A posteriori, non sappiamo dire se mentissero, visto che una pagina del Messaggero del 1992 spunterà fuori di lì a poco, faccione di un giovane Lotito in bella vista, l’annuncio di un arresto per turbativa d’asta e violazione di segreti d’ufficio, vicenda dalla quale sarebbe uscito totalmente innocente ma sufficiente per sbatterlo sulle colonne del Messaggero con la descrizione: "Bella presenza, 35 anni, pistola in tasca, telefonino, è fidanzato con una delle figlie del costruttore Gianni Mezzaroma".

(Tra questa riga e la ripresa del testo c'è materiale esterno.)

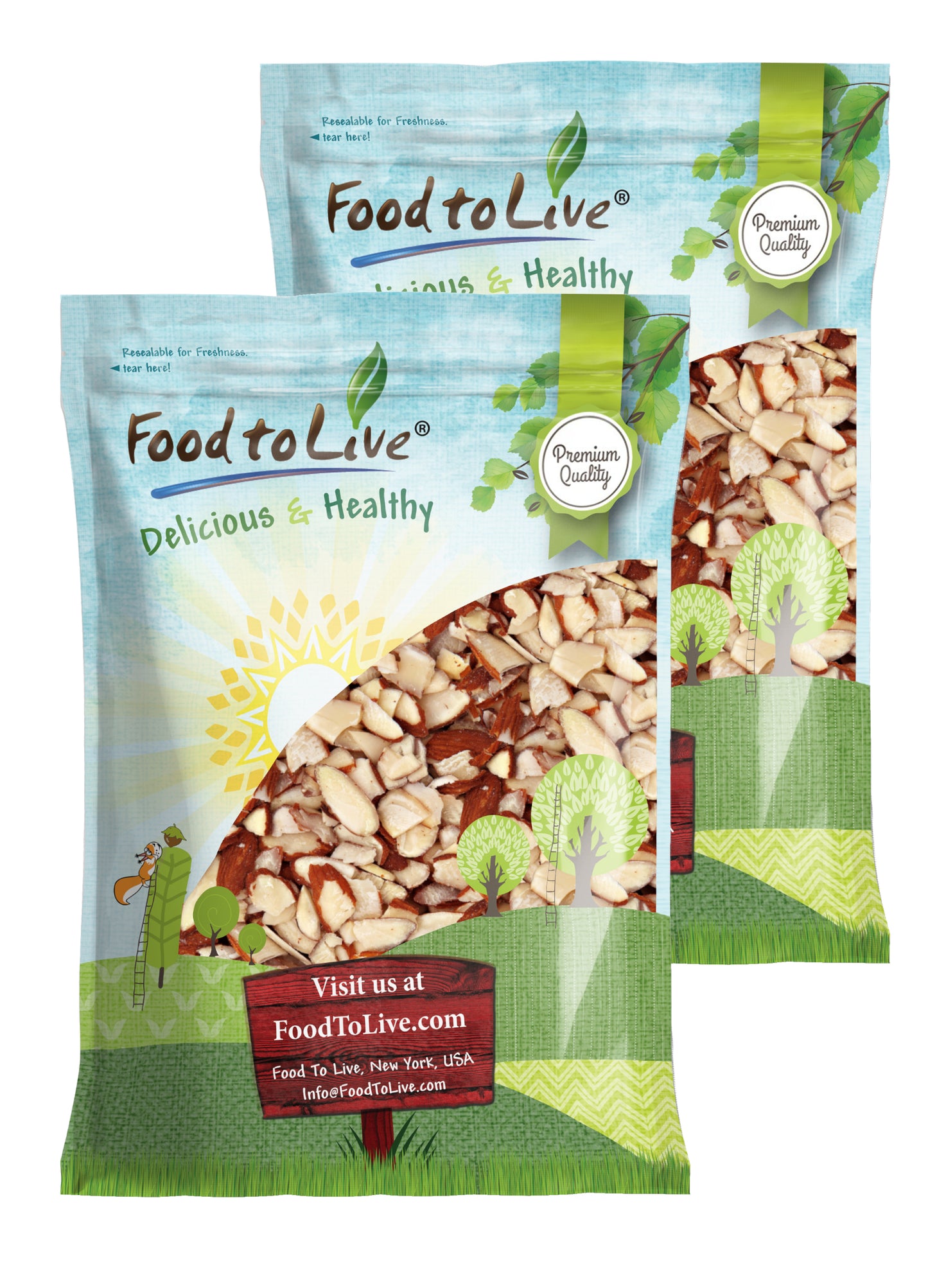 Dry Roasted Natural Sliced Almonds - by Food to Live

Della conduzione dei mercati di Lotito, anno dopo anno, si è detto e scritto di tutto, con larga parte del tifo laziale ormai sfibrata, incapace di aspettarsi un qualsivoglia guizzo in grado di infiammare le fantasie. E così la sua Gioconda, per paradosso, resta quella dipinta dopo nemmeno un mese e mezzo dall’entrata in carica. Il 31 agosto 2004, con una rosa ridotta all’osso e le lancette che corrono verso il gong di fine mercato, Claudio Lotito chiude nove acquisti nel giro di meno di 24 ore. Senza un direttore sportivo in carica.

Lo scenario

Dopo due anni di sostanziale gestione diretta di Capitalia, approdata al timone della Lazio dopo il passo di lato di un Sergio Cragnotti travolto dalle vicende della Cirio, la società biancoceleste è sull’orlo del baratro. A maggio 2004 arriva la notizia di un maxi aumento di capitale sottoscritto da tutti i soci, presto smentita: soltanto il 9,2% dei diritti viene esercitato.

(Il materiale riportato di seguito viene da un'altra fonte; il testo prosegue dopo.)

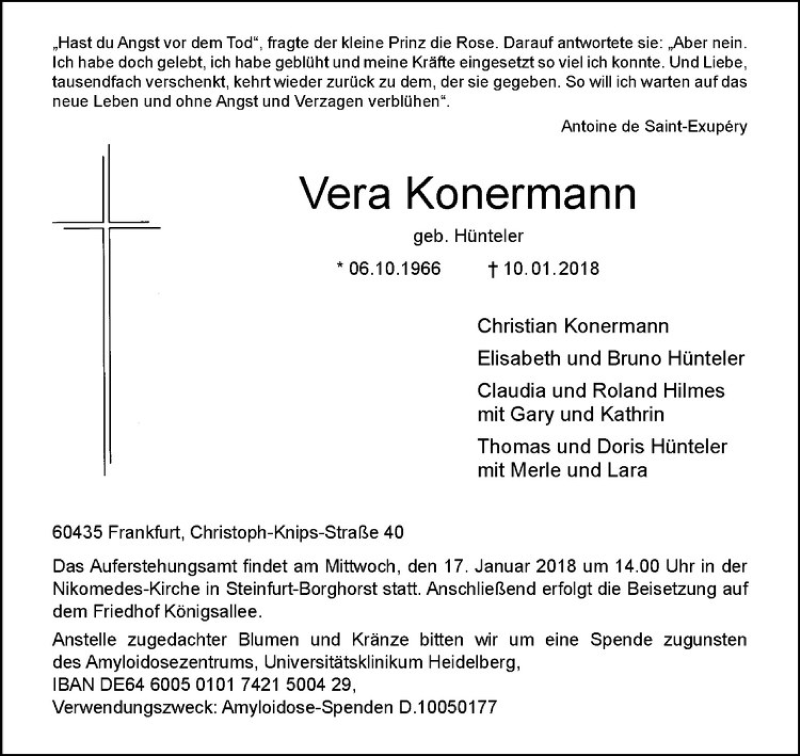  Traueranzeige für Vera Konermann vom 13.01.2018 aus Westfälische Nachrichten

I tifosi della Lazio iniziano a fare conoscenza con termini mai sentiti prima (né dopo): alla fine di giugno si ricorre all’asta dei cosiddetti diritti inoptati, messi in vendita a 0,0001 euro ciascuno. Nel giro di una manciata di minuti, partono 41 contratti distinti che rastrellano tutto l’inoptato per poco meno di 2.200 euro complessivi: il soggetto (o i soggetti) che li hanno acquistati hanno tempo fino al 5 luglio per decidere se esercitarli o meno, per un valore complessivo di circa 171 milioni di euro. Non può essere una mossa speculativa: chi ha effettuato l’operazione può o convertire il diritto in azione, oppure lasciarlo andare. Non ci si può guadagnare, dunque.

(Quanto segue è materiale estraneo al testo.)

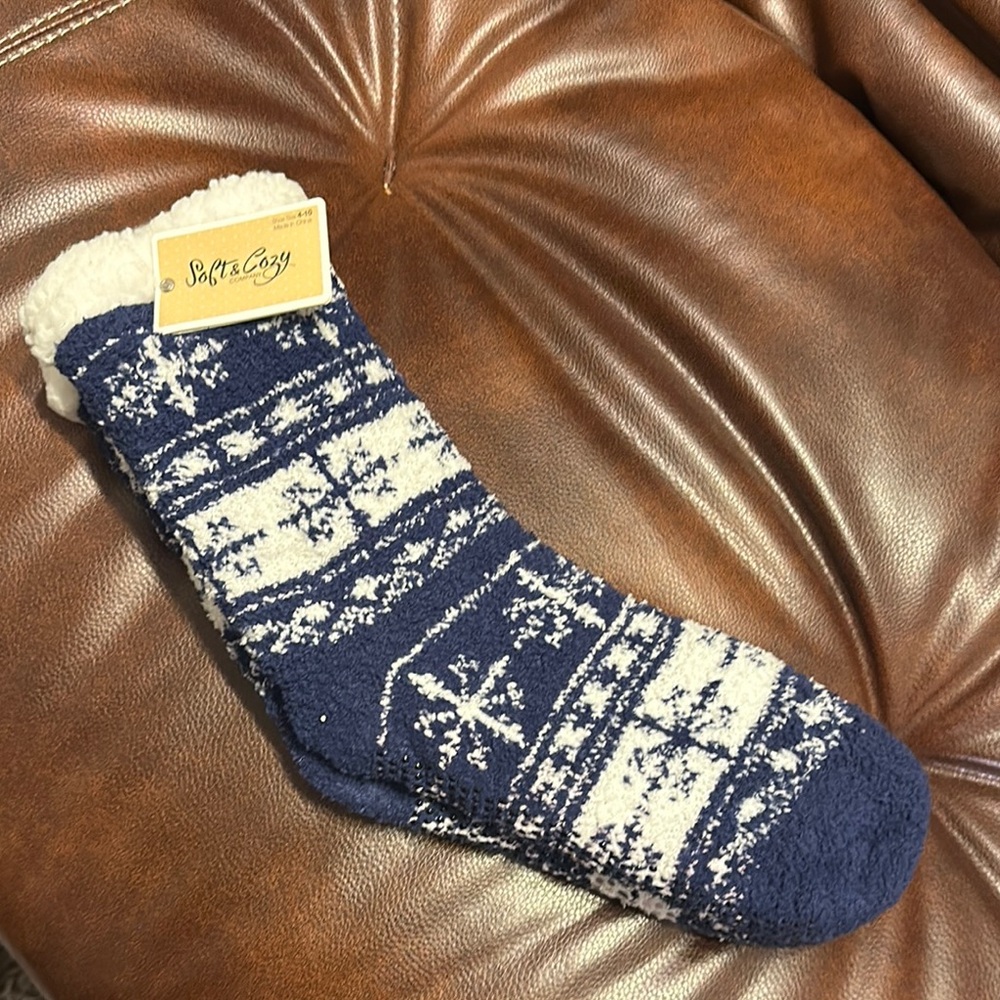 Blue and White Cozy Socks with grips at the bottom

Sono giorni in cui si susseguono diverse ipotesi, che portano prevalentemente a due nomi: Claudio Lotito e Gianmarco Calleri, ex presidente della Lazio nel periodo pre-Cragnotti. A causa di questa situazione, la ricapitalizzazione è bloccata e la società danza su un filo teso al di sopra di un canyon. Intanto spunta l’identikit del misterioso trader che ha guidato l’operazione, descritto dai giornali come un 32enne misterioso che si è servito di IW Bank per rastrellare tutto l’inoptato. Scrive il Corriere della Sera: "Non ha violato nessun regolamento, ha pagato il suo diritto d’opzione: per capirci, è come aver acquistato in un’agenzia di viaggi una prenotazione per l’acquisto di un volo aereo. Costa una telefonata, garantisce per alcuni giorni la certezza del posto, non prevede penali nel caso in cui, allo scadere del termine, l’acquirente non trasforma la prenotazione in un vero e proprio acquisto". Con una spesa di poco superiore ai 2.000 euro, un illustre sconosciuto ha di fatto bloccato un aumento di capitale che si proponeva di raccogliere 188,6 milioni. Il tempo stringe: il 12 luglio bisogna consegnare i documenti per l’iscrizione al campionato, il 17 luglio è attesa la risposta in merito, il 27 è la deadline per eventuali ricorsi e iscrizioni in seconda battuta. Servono, in tempi abbastanza rapidi, 54,8 milioni di euro per l’iscrizione.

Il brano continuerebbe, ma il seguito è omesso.